What makes people angry is the fact the entire industry knew of Weinstein’s alleged actions. In fact, a clause in his contract with his own company spells it out in black and white. Like an ostrich, businesses like to bury their heads in the sand and hope that issues go away. Heaven forbid that any negative press or publicity surfaces. However, ignoring a volatile situation, such as workplace harassment, is cowardly. Employees of all genders deserve the right to feel secure in the office or wherever they work. Recent backlash shows the general public has no support for complicit companies.

Implicit Is Complicit

The reason the ostrich defense doesn’t work is because it’s that of dirty laundry. When clothes are washed, all the stains come out for everyone to see. In the case of Weinstein, the Weinstein Company received mountains of negative, PR which they may deserve. Why? They knew about the allegations and didn’t help the victims for the sake of money. He made them too much green to rock the boat. Plus, cash helps soothe an upset conscience.

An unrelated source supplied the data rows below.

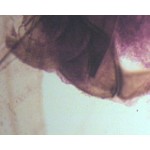 Część narządu gębowego motyla Część narządu gębowego motyla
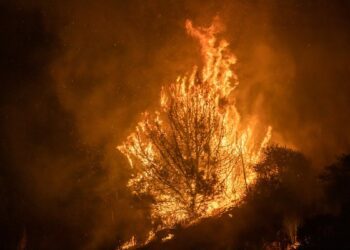 See how wildfire is spreading in California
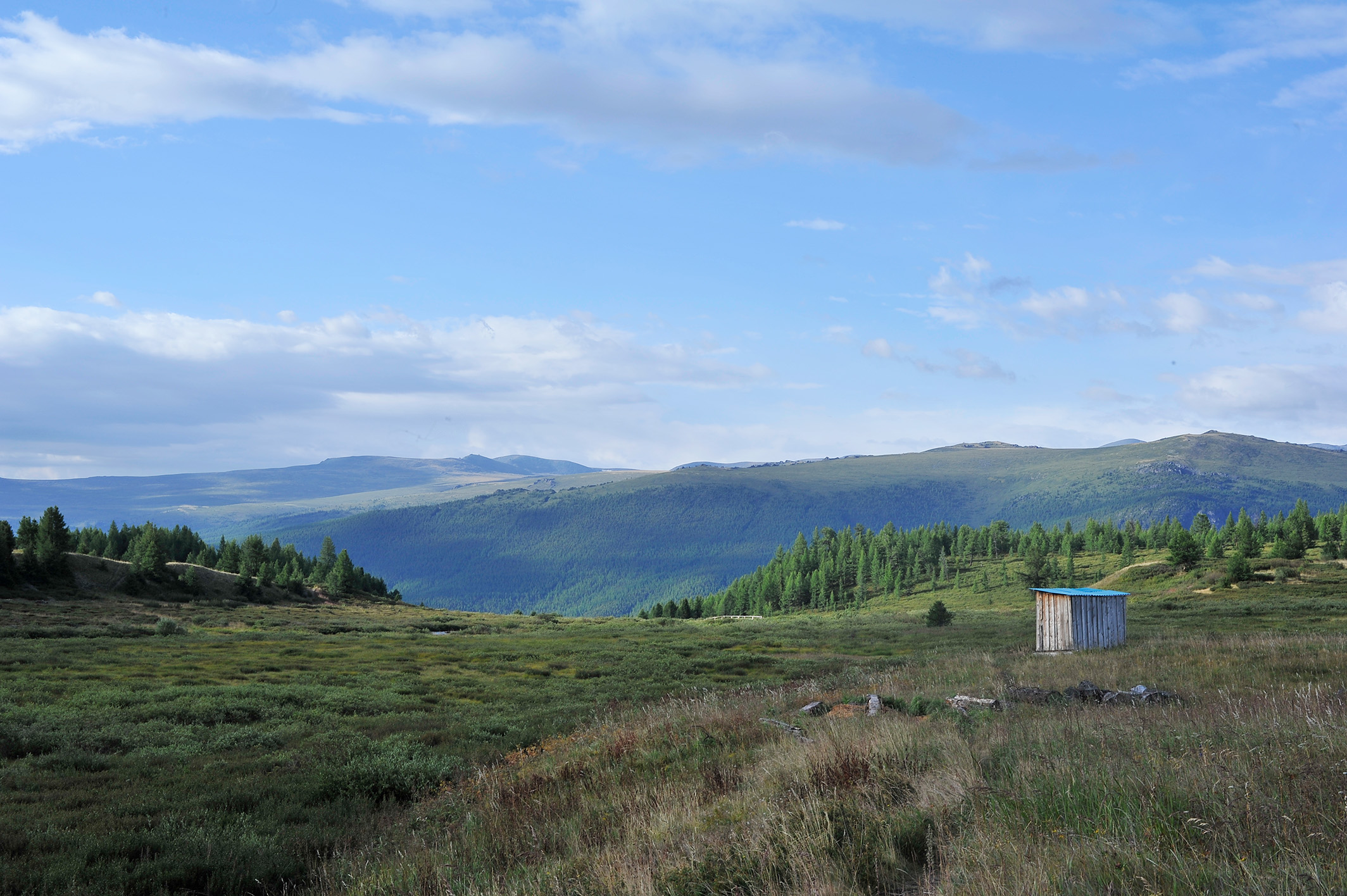 Алтай. Жизнь — Река. Экспедиция на плато Укок. (11/49)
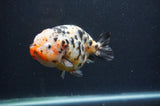 Milk Cow Ranchu  Calico 4.5 Inch (ID#401R10c-97) Free2Day SHIPPING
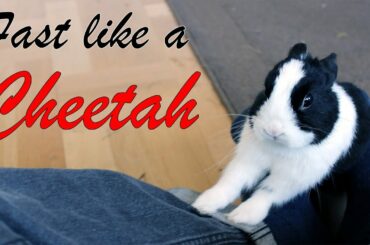 Baby Bunny runs like a CHEETAH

Employers around the world should take note of this because there is a definite shift in public opinion. Decades ago, it would have been okay to plead ignorance and use that as a valid defense. Nowadays, employees expect bosses to be in control of every aspect of the firm. By not acting, the company involved is as complicit as the accused. In reality, an organization has to respond as soon as an allegation – true or false – is made.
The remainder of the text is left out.